Eso que llamamos coloquialmente santa improvisación española funciona bien casi siempre porque, aún siendo, como somos, un país pelín anárquico y desorganizado, solemos tener el santo de cara. Funcionó, recuerdo perfectamente, el día que se inauguró la Expo 92. Horas antes de que llegaran Sus Majestades todo el mundo estaba acojonado porque los pabellones españoles y la mayoría de los artilugios andaban manga por hombro. La inauguración fue solemne y ajustada a horario, como si la hubieran organizado los alemanes. También he visto, año a año, cómo la Feria de Turismo Fitur era inaugurada por miembros de la Casa Real con momentos de suspense e incredulidad. Unos metros delante de la comitiva los obreros de última hora iban plantando la alfombra roja al tiempo que los stands españoles terminaban de colocar las plantas y los caramelitos del mostrador.
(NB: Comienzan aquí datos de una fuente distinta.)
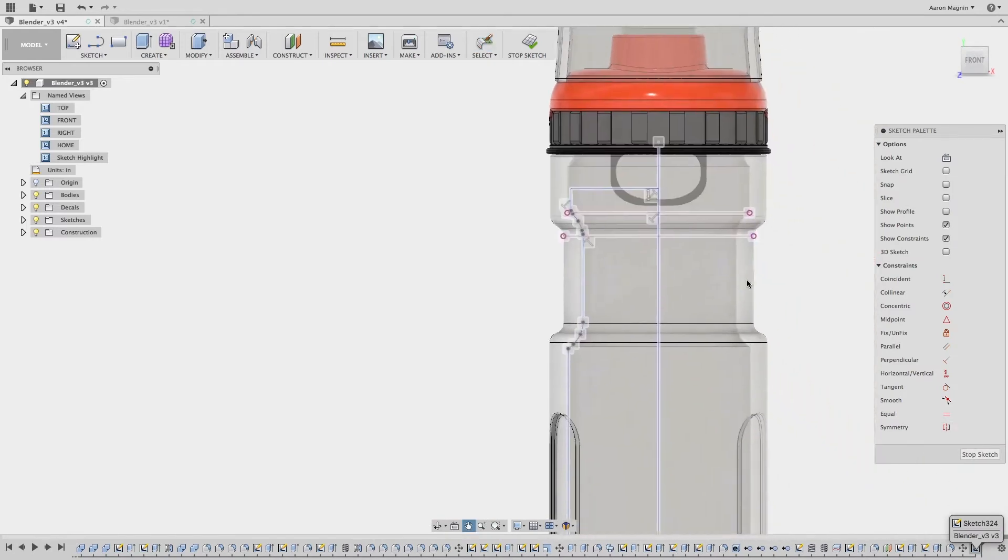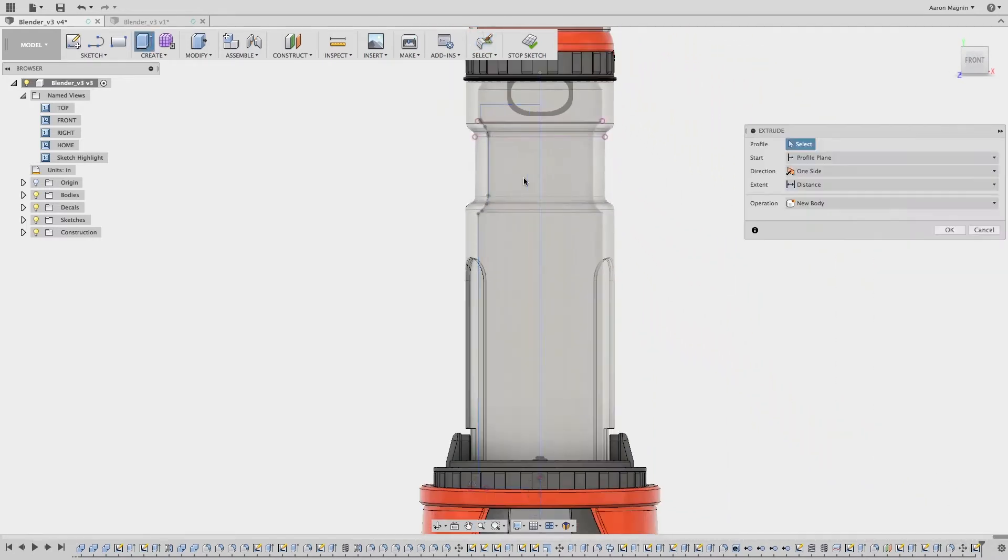Here I have another problematic sketch. When I go to extrude it, I can't. Whether I hide all the bodies, do the long click select other, nothing works.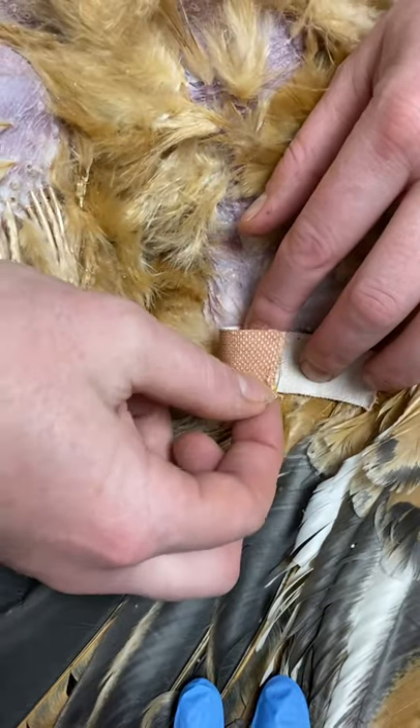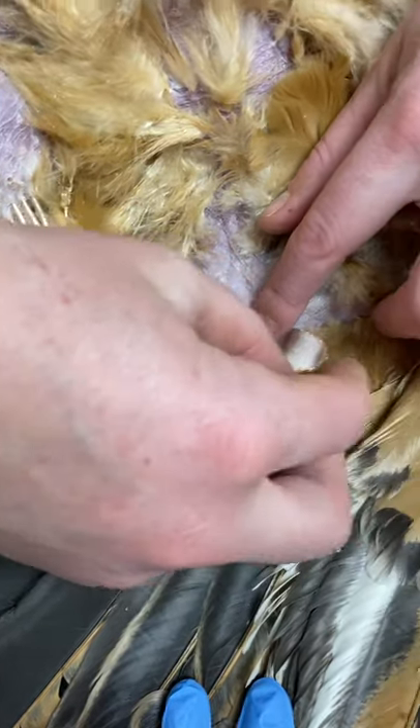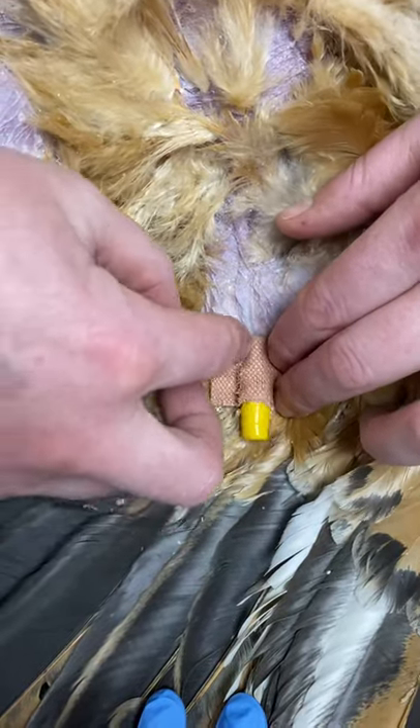So we fold over one side, squidge down the edges, we then want to fold over the other side and again squidge down the edges, keeping everything as close to the body as possible.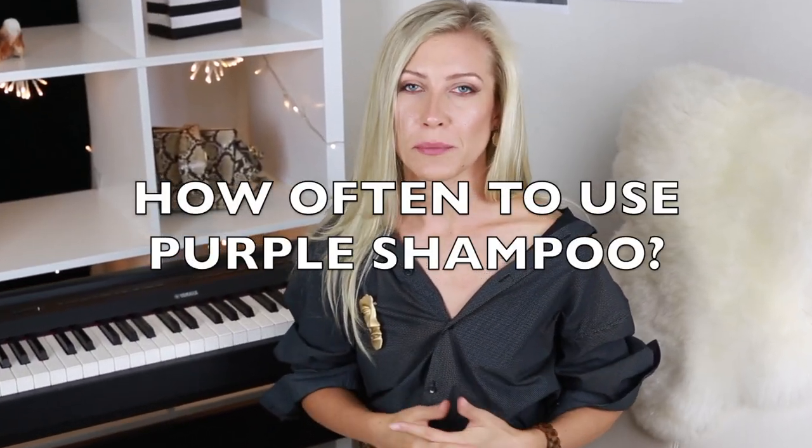How often should you use a purple shampoo? Whenever you see brassiness in your hair, you can use it. If you wash your hair every day, I would use purple shampoo only once every two weeks. Keep in mind that purple shampoo does not replace your regular shampoo, because there is such a thing as too much purple. If you use it every day, your hair will become gray or might have a purple undertone, depending on the shampoo. I personally don't mind — I actually like the grayish effect purple shampoo leaves on my hair.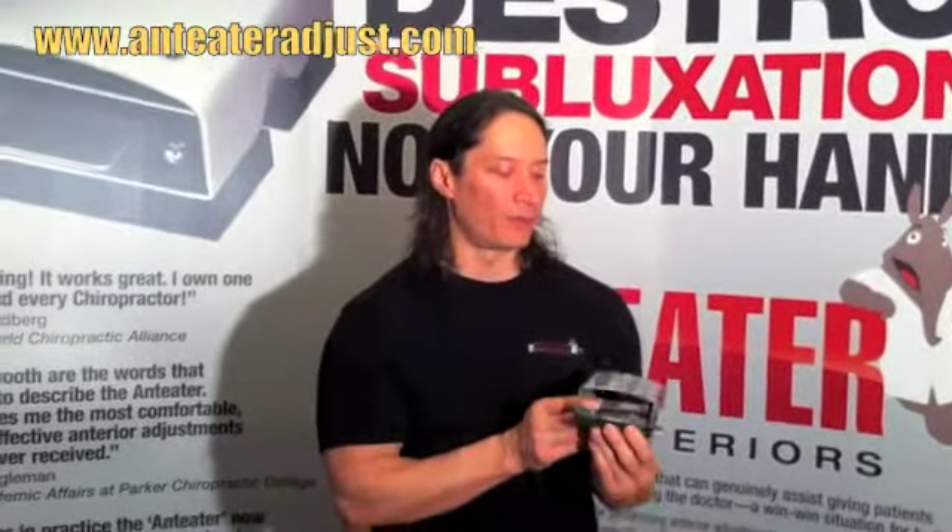Along with the very efficient design of giving the patient a thorough adjustment with less force needed and no harm to the doctor's hand, the other wonderful benefit is instant feedback knowing whether you got that spine to audible or not. Buy one today.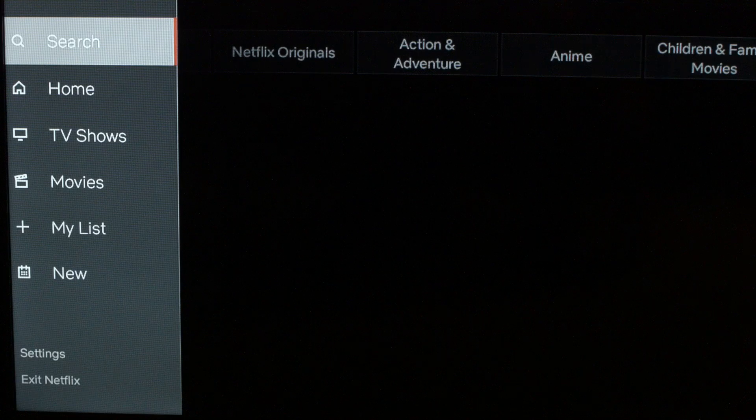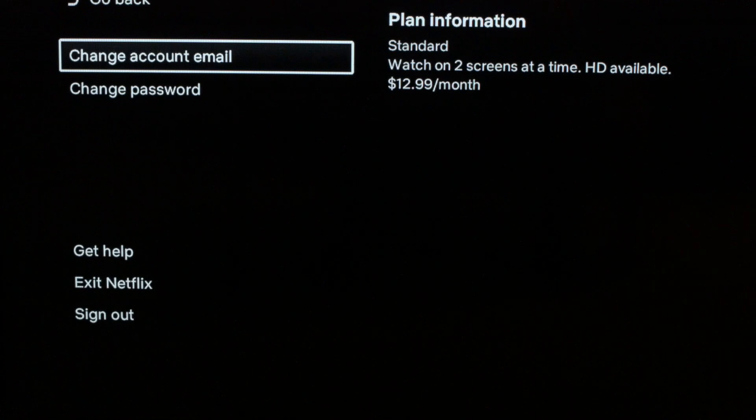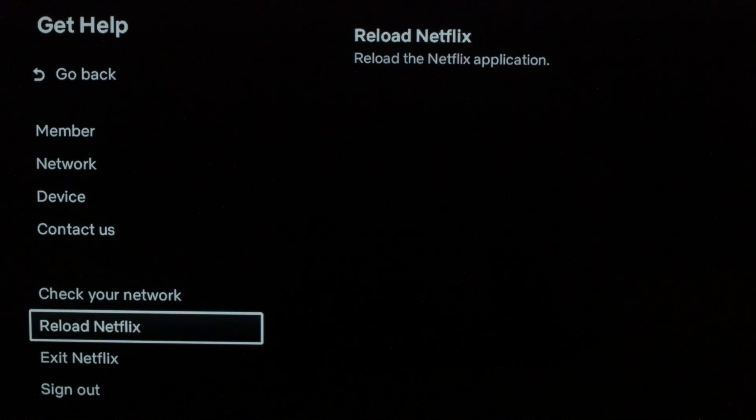The first thing I want you to try: go into your Netflix and scroll down to the settings menu, then scroll down to 'Get Help,' and then scroll down to 'Reload Netflix.' Click 'Reload Netflix.' This will reset the Netflix app. If this solved your problem, great. If not, I want you to try the following.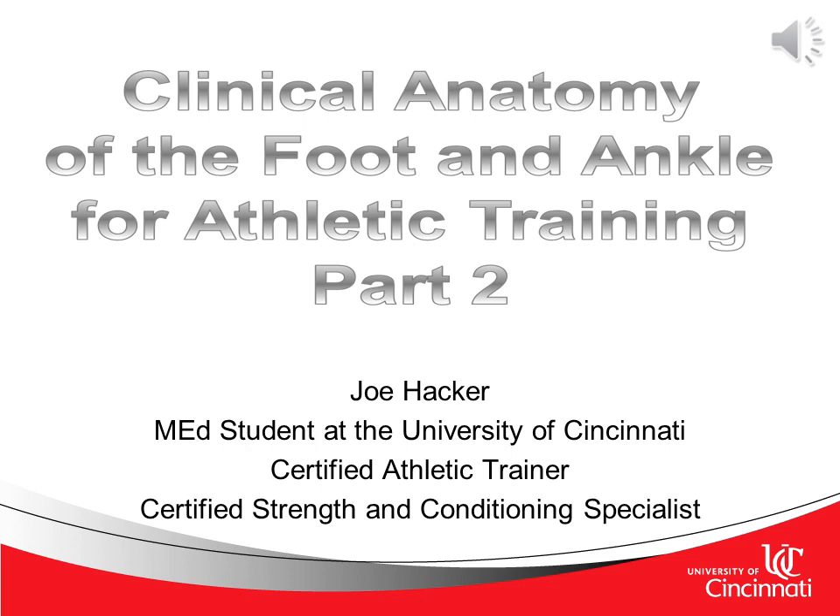Welcome to Part 2 of Clinical Anatomy of the Foot and Ankle for Athletic Training. Here we'll be discussing the muscles of the lower leg, foot, and ankle, blood supply for the lower leg, foot, and ankle, as well as neurological innervation.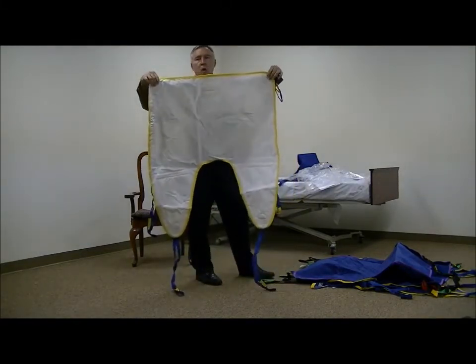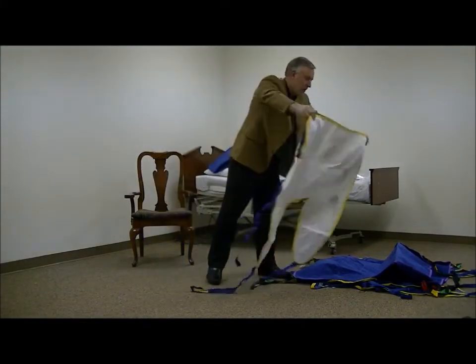Now they're available with the universal support or with the head support. We'll be showing you some other versions of that here in a minute.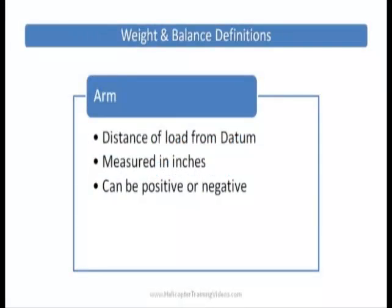Arm is the distance of the load from the datum — where we're actually putting the load, and how far away that is from the datum. It's measured in inches. Some helicopters have datums in different positions, so it can be a positive or negative number. In the R22, for example, if we were loading a passenger, the distance of the passenger seat's arm from the datum is 78 inches, and we find that in the POH.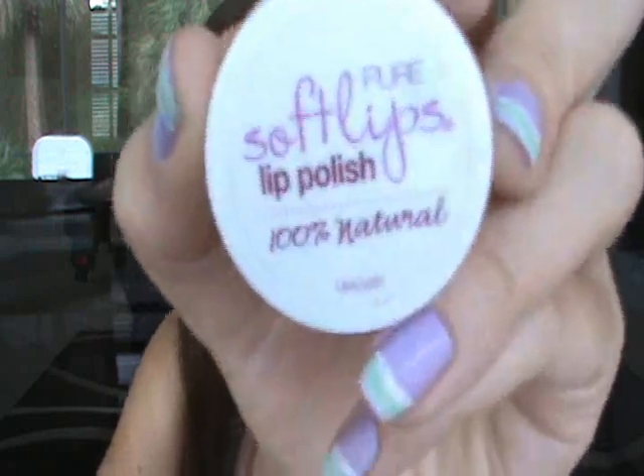So first and foremost, the number one tip is to exfoliate your lips. Now there are products you can buy — I have one here that I'm going to show you — but you could also make your own. You could put a little bit of sugar in your hand and mix it with a tiny bit of water and then use it as a scrub on your lips. I did a review on this a really long time ago, but I still use it. This is the Soft Lips Lip Polish.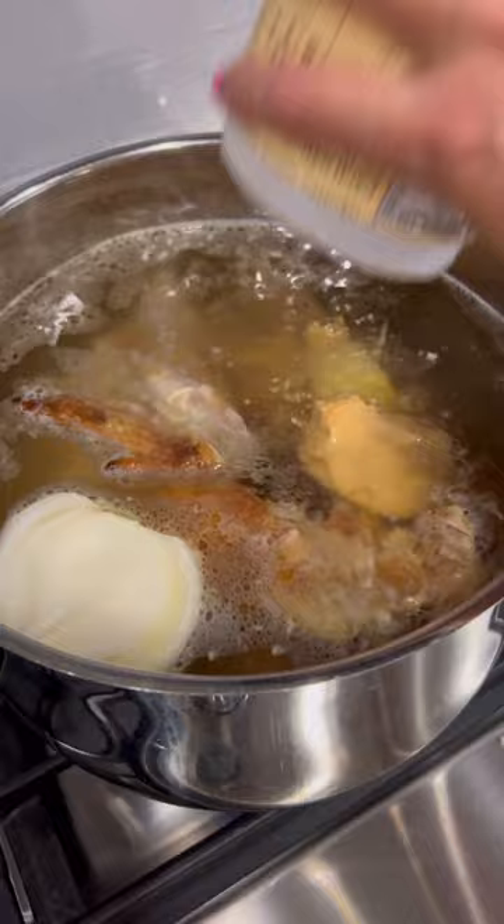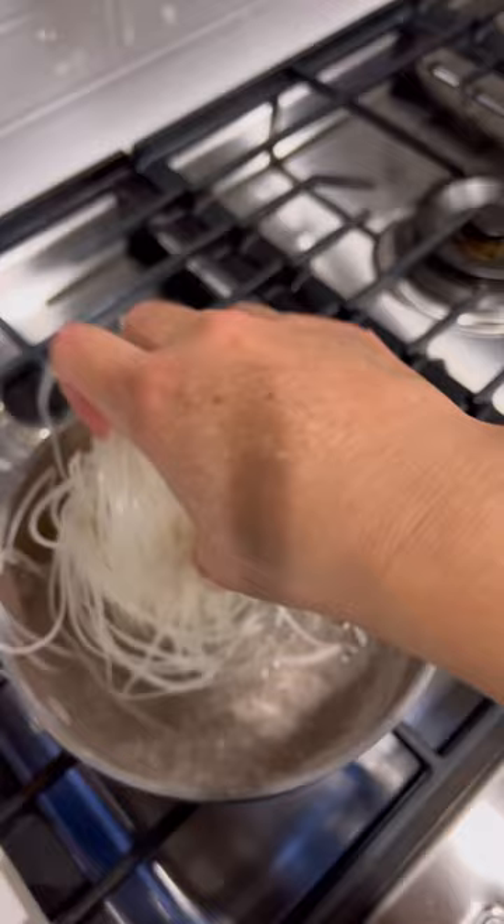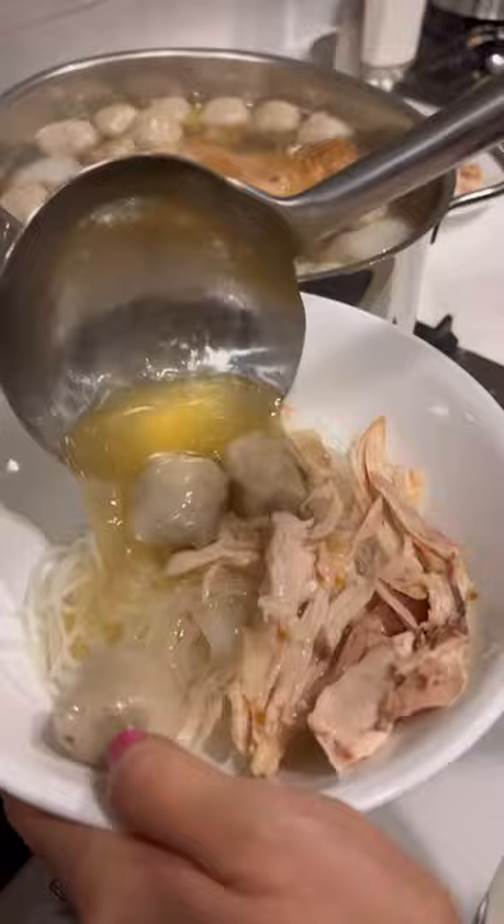Let this cook for about 45 minutes. This is optional, but I like to add beef meatballs. Then I'm going to cook some fresh pho noodles for about 15 seconds in hot water, and then top this off with some chicken, the broth, and I always add sriracha,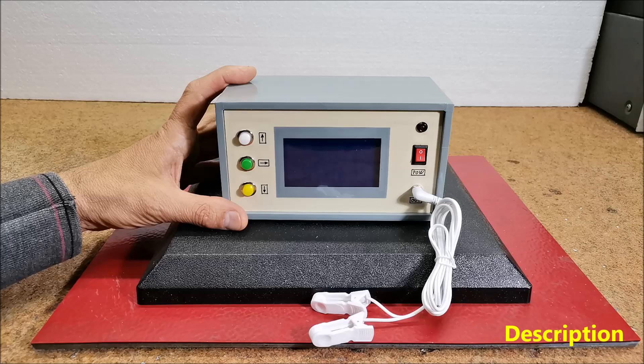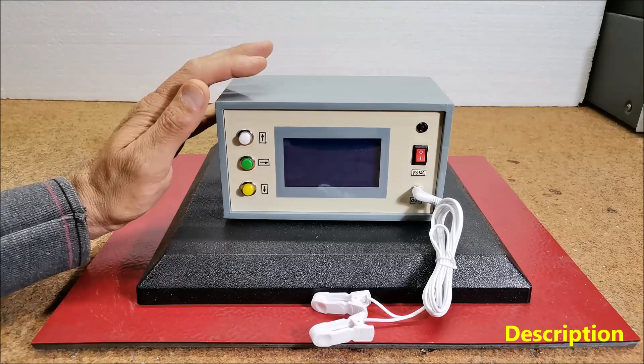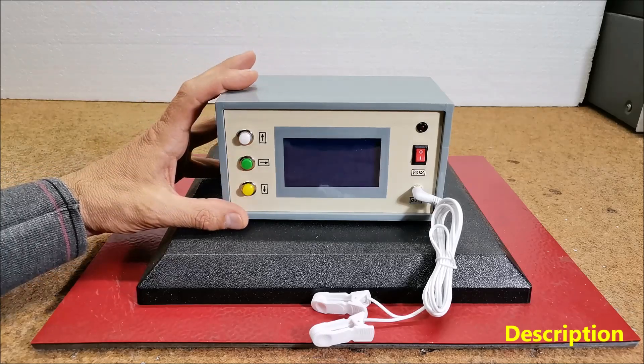According to their studies, subjecting the body to the above frequency from an external generator can cure the disease. This device for treating diseases with the help of different frequencies is also called the Rife Machine, according to its inventor.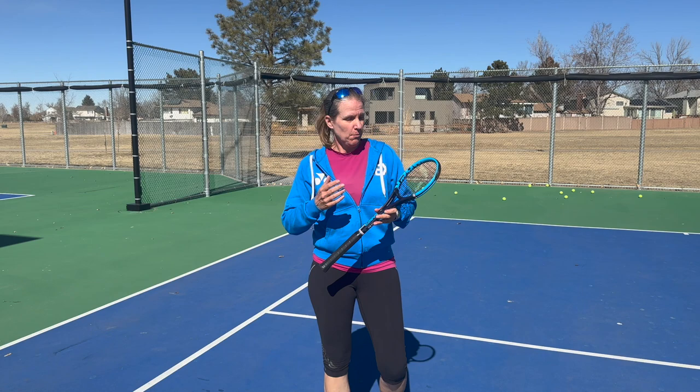More focus, better footwork, cleaner contact, and for me, more use of my forehand and tidying up my backhand slice — those are the things I found, and my clients have found too. I think this is a great tool for any player of any level, so go ahead and check out the Functional Tennis Saber.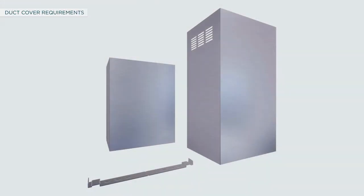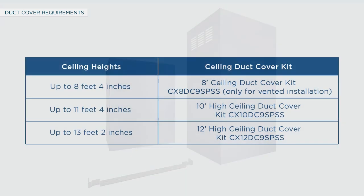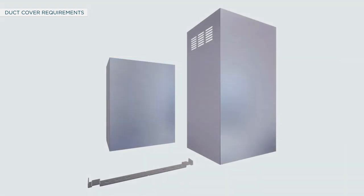To vent through the ceiling, you will need a duct cover kit — purchase it separately. Universal duct cover kits come in 8 feet, 10 feet, and 12 feet sizes to accommodate different ceiling heights as shown in the table. The duct cover kit comes with a lower and upper duct cover, and the upper duct cover slides into the lower duct cover to reach the desired height.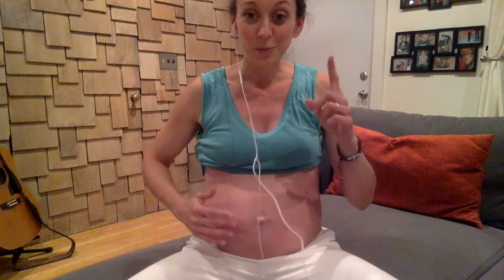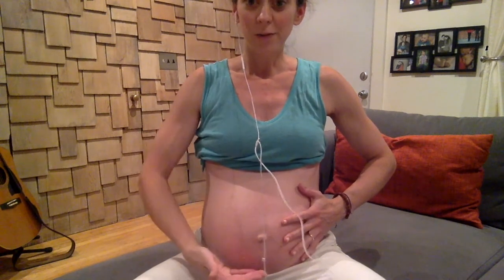Exhale and pull your belly button back towards your spine, compressing the whole canister of your abdominals. Extra bonus points: when you're exhaling, lift the pelvic floor at the same time, and when you're inhaling, let the pelvic floor drop a little bit. Take your hands on your core, inhale and release the pelvic floor — your belly will expand just a little. Then exhale and pull the pelvic floor in.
Pero hay una variante de la santa improvisación española y esa variante se llama chapuza. Y eso es lo que cometieron Armada, Miláns del Bosch, Merry del Val, Tejero, algunos civiles fanatizados y más de un nostálgico que todavía debe andar oculto, cuando, hoy hace exactamente treinta años, quisieron acabar con la democracia española dando un golpe de estado que se quedó, afortunadamente, en un churro de estado.

O, dicho de otro modo, la chapuza española nos libró de lo que hubiera significado otra sangría en la historia de España, tan trufada de peleas entre hermanos. Había costado disgustos y sobre todo infinita paciencia alcanzar el objetivo máximo de civilizar a la España militarizada. Y cuando teníamos hasta una Constitución, cuando éramos la cruz y guía de nuestros países hermanos de América, que nos veían con esperanzas democráticas, y cuando Europa confiaba en que terminaríamos siendo uno más del club, llegan, el 23 de febrero del 81, los impresentables milicos y ¡zas! nos dan el susto tercermundista de «¡se sienten coño!».

«Que veinte años no es nada…», dice el tango, pero es que no son veinte. Son treinta años ya los que han pasado desde que Armada la armó. Treinta años en los que España cambió su rumbo y se convirtió en un país respetable y respetado; un país en el que hay tanta democracia que ya casi nadie se preocupa por ella. Es la gran diferencia con entonces. Entonces los ciudadanos participábamos y esperábamos, con miedo y con ilusión, la llegada de un tiempo en el que no hubiera que pelearse por la libertad. Hoy, siendo ya libres, dejamos la participación exclusivamente en manos de los partidos, que, por cierto, lo hacen fatal. Mis recuerdos de aquel día los tengo escritos. Era director del diario Sol de España y apostamos por la Constitución y la libertad en medio de la incertidumbre de una madrugada inolvidable.

En Málaga mucha gente se escondió; los valientes se encerraron con el alcalde Pedro Aparicio en el Ayuntamiento, otros cogieron algún yate y se perdieron en alta mar y hubo hasta quien recuperó su vieja escopeta y se tiró al monte por si había que volver a los maquis, todo lo cual es rigurosamente cierto. En la redacción de mi periódico quedamos tres. En los talleres, más responsables, todos. Los del Consejo, primero me preguntaban, luego no hubo manera de localizarlos. El Rey estuvo a la altura que tenía que estar. Fue como una pesadilla de la que despertamos viendo a los guardias civiles huyendo por las ventanas del templo de la palabra libre.